This is what the camera says the hill known as Arant Haw looks like. It flattens out what is an incredibly steep climb beneath an atmospheric sky into something that really doesn’t look like much. I’ve seen that path up the hill in so many different lights now and it is quite haunting in real life. A path leading up into the sky – to nowhere. It reminds me of the ‘Indian Rope Trick’ – where does it go?
The path seized my imagination but I knew I couldn’t show what it felt like up there by painting the view in a straightforward manner. Some experimenting would be required. So, I made a few small oil pastel sketches one day in the freezing cold, standing on the ridge (at a slightly different point from where the photo was taken) and not aiming for realism but letting the feel of the place seep into my brain and out into the pictures. Then I put them away for a while.
Next I went up there with a pochade box and attempted a quick plein air painting from roughly the same spot at which the photo was taken but the menacing runners appeared (see earlier post) and ran round and round and round across my path! Three times they trampled past until the sun was getting very low.
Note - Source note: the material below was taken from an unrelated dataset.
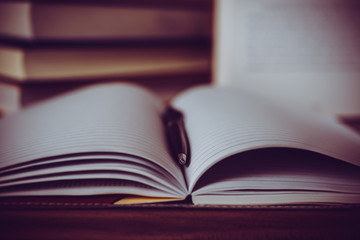 Pen on open book with wooden background. Education concept.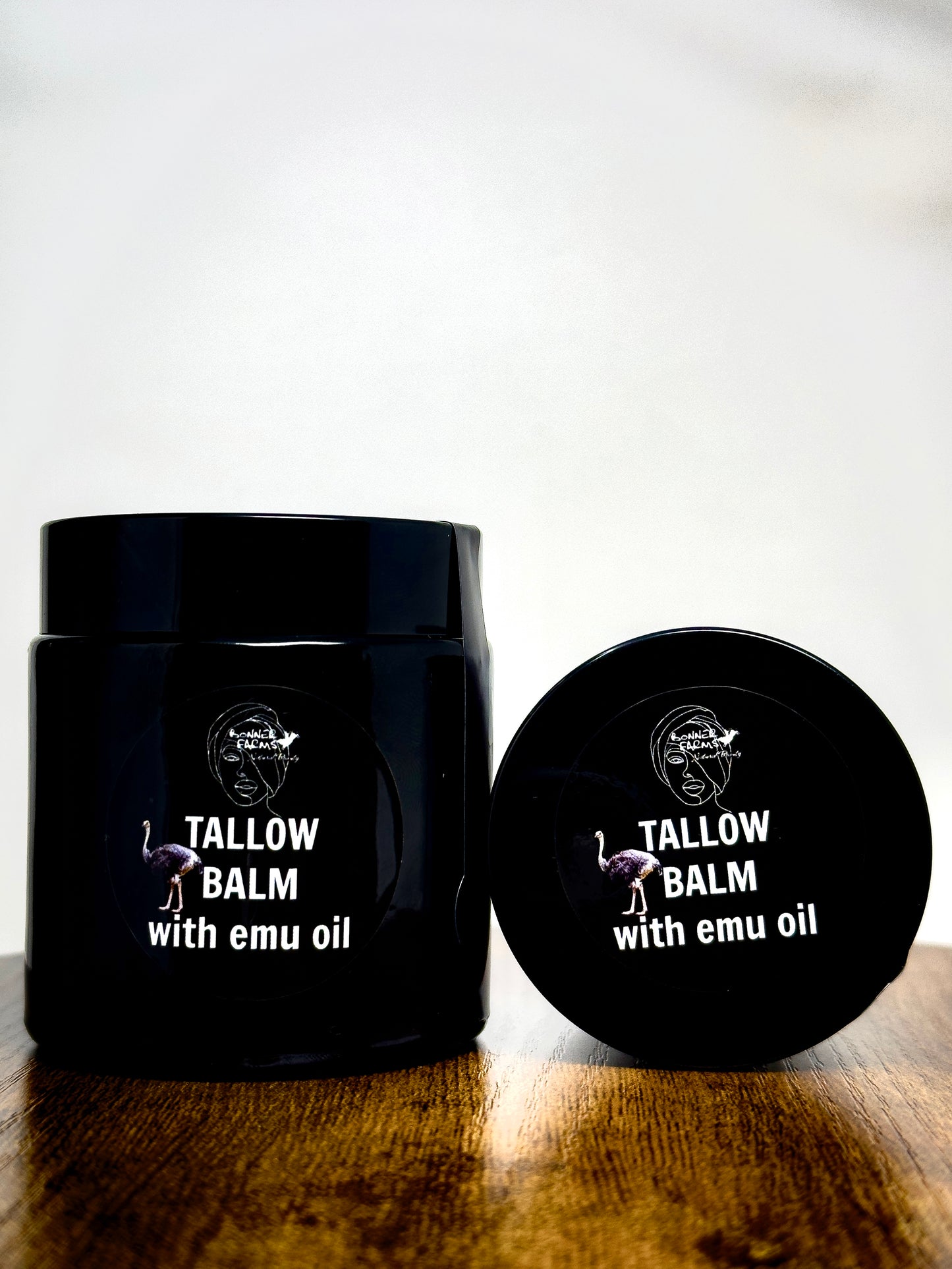Black jar and lid of tallow balm with emu oil on a wooden surface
Once I settled down to paint the light was fading quickly, just pausing to make the hill glow for long enough to allow a sketch of the bare essentials, then it was gone.
So I had a rather feeble photograph, a couple of imaginative oil pastels drawn from further along the track and a plein air oil painting. I went home and created a third oil pastel, trying to blend the two expressionist attempts with the more realistic plein air sketch.
Finally, I made four tiny oil on canvas compositions, experimenting with different approaches, attempting to find a way of representing the scene. Two I based on the original oil pastel sketches, one on the third oil pastel in which I’d attempted to combine my previous attempts and the fourth I painted loosely based on the plein air sketch but letting elements of the other studies creep in.
Which approach, or combination of approaches, can I use to create a bigger painting? Or do I need to try another way?
I don’t know the answer to your final question – how could I? – but I think the plein air sketch is great.
+1 on how steep that path is.
cheers, Andi
Thankyou. Still thinking there must be a way to show the steepness of that path. Maybe a bit more sketching on the spot is required.